Exercise instructions
Write the listing out again, all of it, word for word.

Recorded data
********

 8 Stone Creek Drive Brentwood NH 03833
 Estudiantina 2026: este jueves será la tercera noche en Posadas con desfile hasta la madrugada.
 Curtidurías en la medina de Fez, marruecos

********

Task result
 8 Stone Creek Drive Brentwood NH 03833
 Estudiantina 2026: este jueves será la tercera noche en Posadas con desfile hasta la madrugada.
 Curtidurías en la medina de Fez, marruecos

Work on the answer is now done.